But if you were born and raised in Evanston, or spent much time here, you were completely familiar with the person universally recognized as ”That Guy”.
To refresh your memory, “That Guy” is the fellow with the pronounced limp and the over-sized personality, who would flag you down on a busy Evanston street corner, and bend your ear about bicycle safety. “Wear a helmet!” he would bellow.
Or on tobacco – another of “that guy’s” hot topics.

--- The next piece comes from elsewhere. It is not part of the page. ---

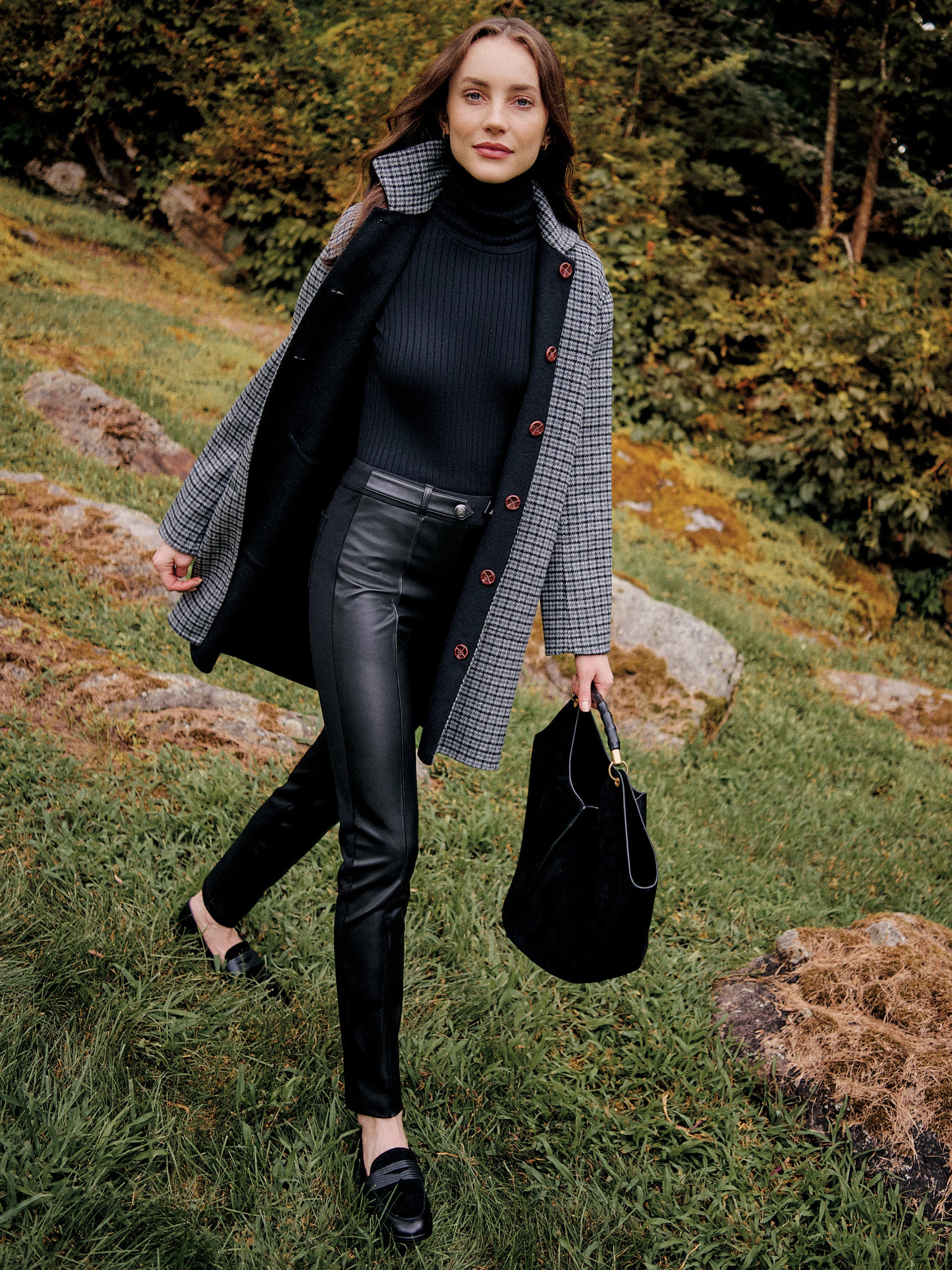 Frade Reversible Wool Coat in Houndstooth | J.McLaughlin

The would-be evangelist could easily get into your space, wag a finger at you, and utter these choice words of advice: “Don’t smoke, don’t smoke, don’t smoke.”
Then he would tell you his life story.
The salient facts of his history are chilling: suffered a traumatic brain injury at the age of thirty while biking without a helmet; spent five weeks in an induced coma; lost many of his mental faculties and much of his physicality; lost a promising career, a wife and two dogs; was saddled with severe short term memory loss and Aphasia.
And that about sums up “That Guy”, except to tell you his real name was Gregory David Greenside, and on Friday, July 8th, at age 81, he quietly passed away.
Sure, you’re thinking, a sad, sad story. But for the fact that Greg possessed the one overriding quality that defined him as a human being: his uncanny ability to remain happy and to spread joy to everyone he knew.
“The guy eats Prozac for breakfast,” observed one of his doctors. “Nobody laughs harder or endures the challenges of a difficult life better than Greg Greenside.”
Greg’s situation was complex. His unique brain injury left him partially whole, yet severely damaged. He could function in the real world doing simple tasks, but mostly he lived in his own private space.
Oddly, he developed a passion for Civil War history, often pouring over books he could never comprehend. He collected Civil War figurines by the dozens, and spent hours in his apartment, organizing his treasures and displaying them with precision care.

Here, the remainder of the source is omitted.